▶ Task item:
A faithful copy of the listing below is needed, with its pictures left out.

▶ Supplied records:
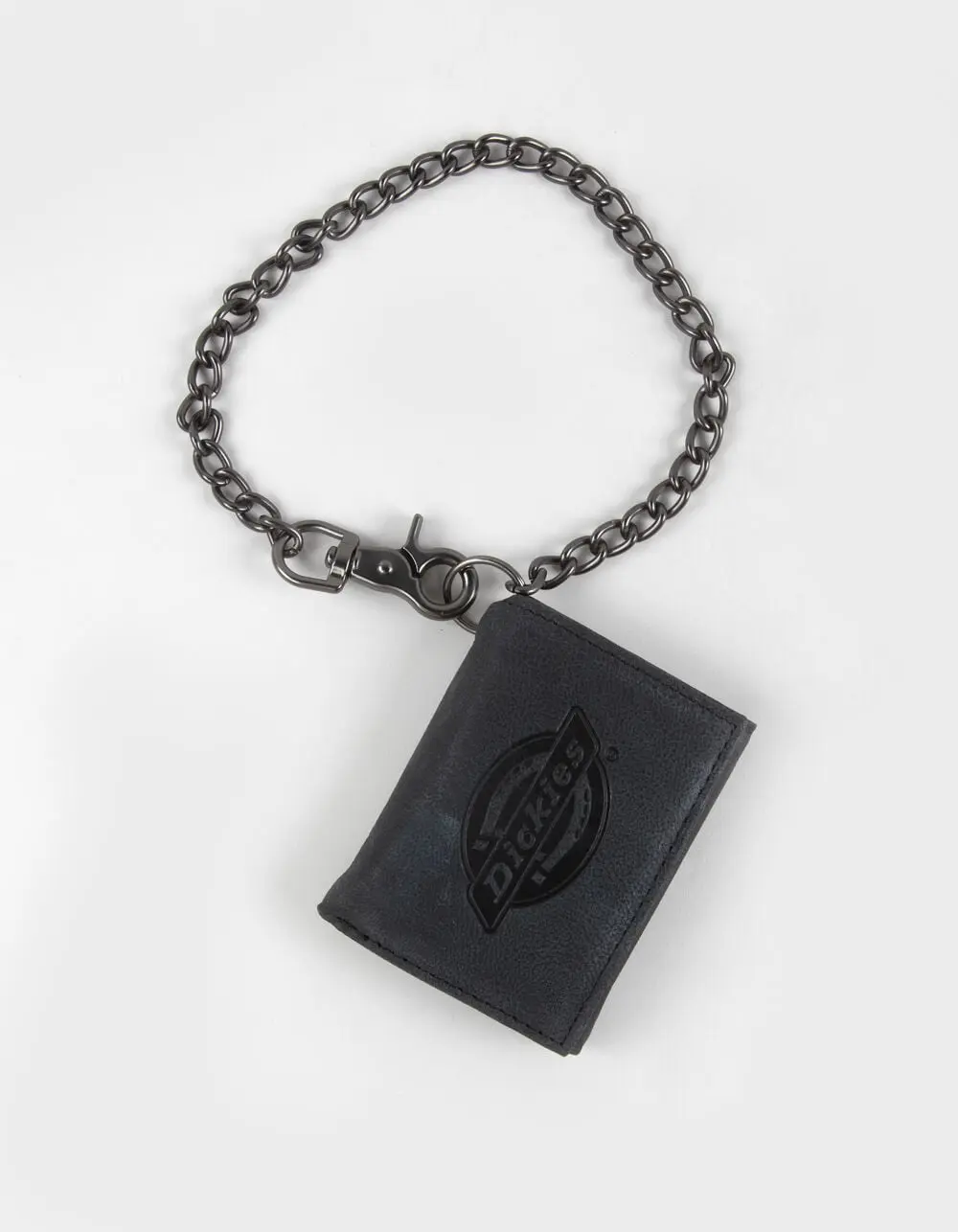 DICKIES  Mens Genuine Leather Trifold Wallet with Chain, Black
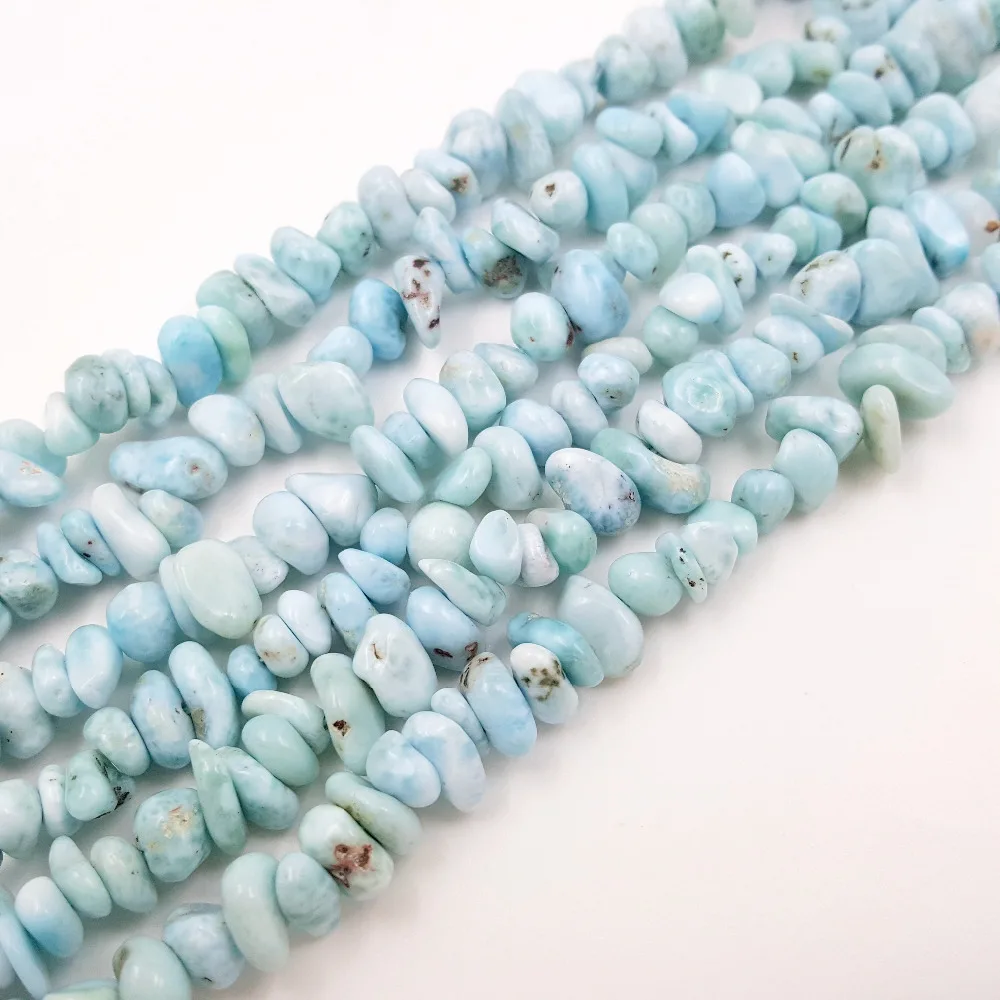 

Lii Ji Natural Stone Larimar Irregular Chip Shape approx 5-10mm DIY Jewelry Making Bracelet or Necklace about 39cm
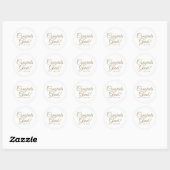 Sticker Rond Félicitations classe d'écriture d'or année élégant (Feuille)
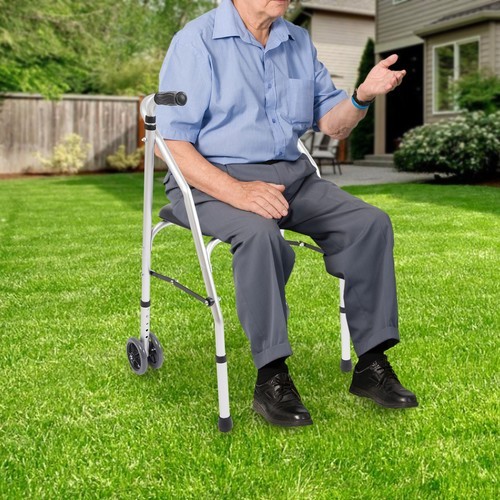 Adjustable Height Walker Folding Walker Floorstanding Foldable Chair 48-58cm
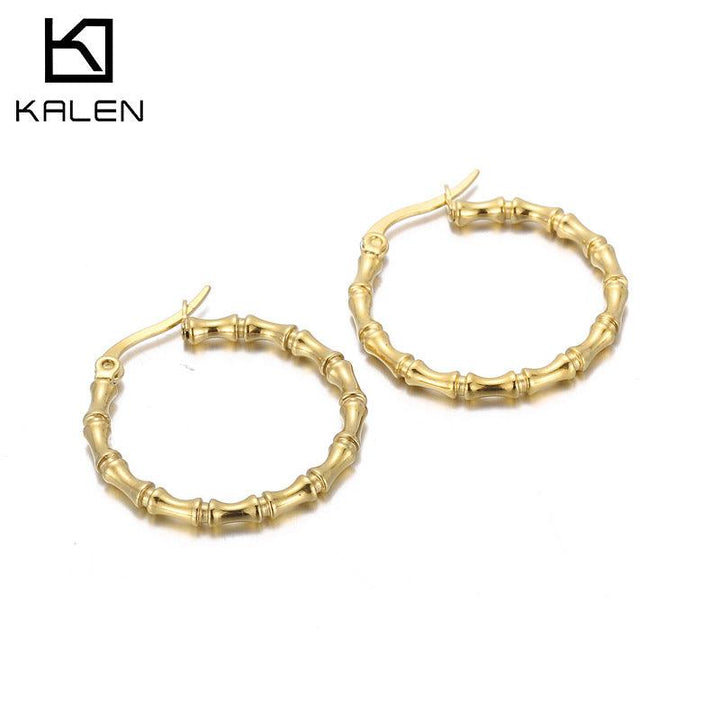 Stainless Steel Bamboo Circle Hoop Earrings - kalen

▶ Completed task:
 DICKIES  Mens Genuine Leather Trifold Wallet with Chain, Black

Lii Ji Natural Stone Larimar Irregular Chip Shape approx 5-10mm DIY Jewelry Making Bracelet or Necklace about 39cm
 Sticker Rond Félicitations classe d'écriture d'or année élégant (Feuille)
 Adjustable Height Walker Folding Walker Floorstanding Foldable Chair 48-58cm
 Stainless Steel Bamboo Circle Hoop Earrings - kalen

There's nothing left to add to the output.